My time at the gym led me to a part time job there. Doing fitness assessments and onboarding for new members/exercisers. It allowed me to build my knowledge, experience and confidence in a physical activity setting, and gave me another physical outlet (in addition to hockey) that allowed me to focus at school (my membership was now free as I worked there!)
When it came time to make a decision what to study in university, I had 2 choices: Commerce/Business or Physical Education. The former I was good at, the latter I was curious about. My dad was a teacher, and my role model, so I thought teaching and physical activity would be a good pursuit. So, that is what I did. (My dad, by the way, was the one who suggest that I follow my passion. A very wise man indeed as that advice has always stayed with me)
I got my undergraduate and graduate degrees in Physical Education from McGill University. I studied topics like exercise physiology and the movement sciences. I learned about sports skills and the methodology around teaching and coaching. That included the science of regular exercise and the impact it had on the body and the brain. My career path was locked in. I was going to apply all my learning as a teacher in the schools!

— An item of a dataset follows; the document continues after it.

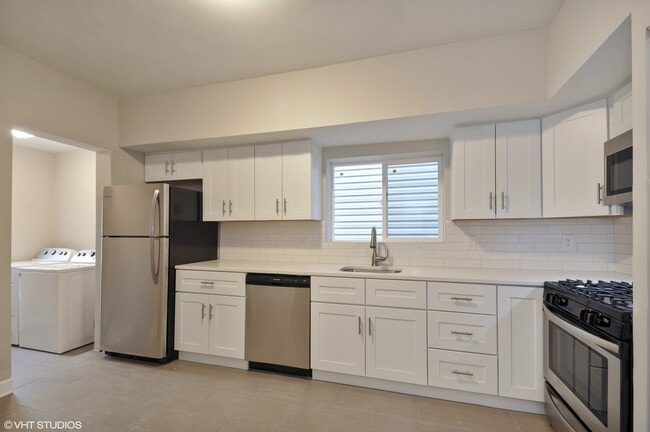 Building Photo - 2909 N Ridgeway Ave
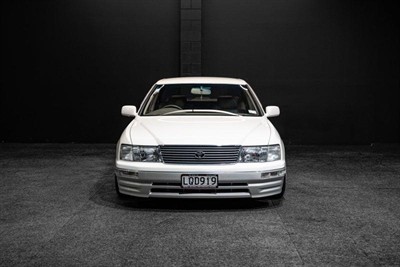 1995 Toyota Celsior - Thumbnail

I coached and taught for 8 years at all grade levels. All in a position of leadership around physical activity. Some friends from university introduced me at that time to the love of my life, mother of my son, and partner for the last 31 years.
Once I stopped competitive hockey in university, I continued to play different sports well into adulthood. Volleyball, golf, slow pitch, basketball, skiing, cycling and mountain biking, flag football and eventually back to hockey. Physical activity was always a staple to my ways. It was always a part of my life. A big part. Oh yes, and I went to the gym regularly.
There was a feeling after being active that I could not duplicate any other way. When I was not active, my mood was not the same, neither was my patience or focus or ability to get things done. My energy levels changed and my addictive personality focused on less constructive outlets. I am very grateful that I have had the wisdom to recognize the power activity had on my life. I also thank my mother who reminded my and help me light the bulb!
The activities also allowed me to be a kid again. To revisit a time where all I did was play outside. Every sport and activity imaginable from hide and seek to tackle football to 1-2 hour bike rides (as a mode of transportation). To play. To develop social skills. When got my first full time teaching job a few hours from home, playing in the rec basketball league allowed me to meet a ton of new people.
The post activity time turned into my best thinking time and most productive time. It is when I planned my lessons and planned my practices. Planned my next career and live moves.
My teaching time was a real joy. Teaching young people skill development, and seeing their eyes light up and their bodies adapt to the new activities.
The only frustration was the imposed reduction in physical education time for students. This was the mid 90’s and government, at the time, felt PE, like the arts, home economics, car shop and music were expendable. Budgets were cut. Instead of daily PE, students now only had gym class 1x per week. The demand for the good ole’ gym teacher was declining. I was offered other subjects I could teach. I was not as passionate about that possibility.
I don’t think future generations have been too keen on that either. Since the mid 1990’s we have seen a horrible impact on lack of activity in our youth.
The decline in PE teaching opportunities led me to explore other options. I got a temporary position as intercollegiate sports coordinator for the college for Dawson College in Montreal. Loved that job, as I worked with student athletes and coaches, organizing all the behind the scenes work to give them their competitive opportunities. But that was a replacement position, and ended after 1 year.
I answered an ad in the paper for a commercial fitness equipment sales representative for a new company in the area. They offered the job to the guy with no sales experience. The compensation was all commission, and I think I was the only applicant who would take that gig. It was the summer and I figured if I did not like after a couple of months, I could go back to teaching.
Selling exercise equipment led to long hours and low pay as I learned the ins and outs of the business. But I still had my connection to physical activity.
The more I performed, the better I got paid. “Wow” moment. Over the next few years, I performed well.
After a few years that led to new territories and markets and management and ownership opportunities. Management and ownership gave me a new teaching platform and a business education like no other. (I ended up getting that business education after all!)
While this was happening, we had our son, and yes, he developed his own interest in sports and activity. And yes, I coached many of his teams growing up.
Now in my 50’s, and on the “back nine”, I still very involved in fitness. My passion for fitness and active living has opened doors and led to a great career in the equipment and education side. Still a teacher, but a very different classroom.
As a father, husband, businessman and coach, I have had to find ways to stay active through a busy lifestyle over the years.
I always prioritized physical activity, because I knew I was different without it. I was not the person I wanted to be without it. I made decisions I did not like without activity in my life.